1946年,在欧美搜求珍稀中文文献的著名学者王重民应邀访问普林斯顿大学,在查阅了葛思德图书馆大约1/3的藏书后,他惊讶地发现经部中有70%的版本是美国国会图书馆或北平图书馆所没有的,而集部中则有50%的版本是另外两家没有的。仅此两个数字就足以证明葛思德藏书的质量和价值了。
如此大量中文珍本的汇聚,完全是义理寿的功劳。义氏虽然行伍出身,但是他精通汉语,又娶了一位满族女子做太太,加上购买的过程本身也是学习的过程,义理寿在这一过程中逐渐成长为一名相当专业的版本目录学家,虽然他从来没有受过这方面的专门训练。
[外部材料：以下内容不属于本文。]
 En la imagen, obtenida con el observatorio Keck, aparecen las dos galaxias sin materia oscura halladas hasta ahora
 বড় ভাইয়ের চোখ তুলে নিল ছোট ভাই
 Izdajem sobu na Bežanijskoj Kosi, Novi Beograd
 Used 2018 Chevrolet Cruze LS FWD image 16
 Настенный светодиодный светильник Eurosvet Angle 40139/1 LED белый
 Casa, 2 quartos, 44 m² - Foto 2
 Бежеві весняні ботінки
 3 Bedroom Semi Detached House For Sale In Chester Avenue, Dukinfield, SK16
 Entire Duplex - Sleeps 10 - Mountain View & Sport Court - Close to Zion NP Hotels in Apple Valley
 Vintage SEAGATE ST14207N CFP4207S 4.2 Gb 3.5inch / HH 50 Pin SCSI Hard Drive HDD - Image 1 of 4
同时义理寿又具有商人的精明,知道如何把钱花在刀刃上。他不和中、日书商争购宋版书,而是把主要精力放在了明版上,其中标点本佛经(1399年刻本)、朱载堉《乐律全书》(1599年刻本)、钱谦益《初学集》(1643年刻本)最能显示义理寿的眼光。在清版书中,义理寿相当看好武英殿聚珍版丛书,这套丛书共138种,原版刊刻时间前后相距30年,每种印量大约不超过300册,所以要凑成一套绝非易事,近代藏书家缪荃孙经过一生寻觅才实现了这一宏愿。义理寿在果断地买下艺风老人这一套后,又四方寻求,凑足了另外3套(包括替哈佛燕京学社代购的1套),在当时全世界仅有的5套中独占4套(另有1套藏于故宫),完成了一项几乎无法完成的工作。除了眼光、经验、生意经之外,义理寿也不缺少运气。1926年左右,义理寿听说北京西山八大处之一的大悲寺有一套大藏经出售,在初步判断有价值后,义理寿买下了这套5348册的佛经。他当时万万没有想到,这套他称之为“大悲寺经”的古籍就是中国佛教史上十分著名的《碛砂藏》。《碛砂藏》原刻本于南宋后期至元代中叶陆续完成,大悲寺藏的这套虽然是抄配、补配的《碛砂藏》,但其中宋元刻本也达到了2000册之多。另外,据胡适后来的检视,其中不少配补的明刻本也很有价值,特别是《南藏》本和建文元年天龙山刻本都是难得一见的珍稀文献。义理寿的这桩买卖,再次验证了一句老话——踏破铁鞋无觅处,得来全不费工夫。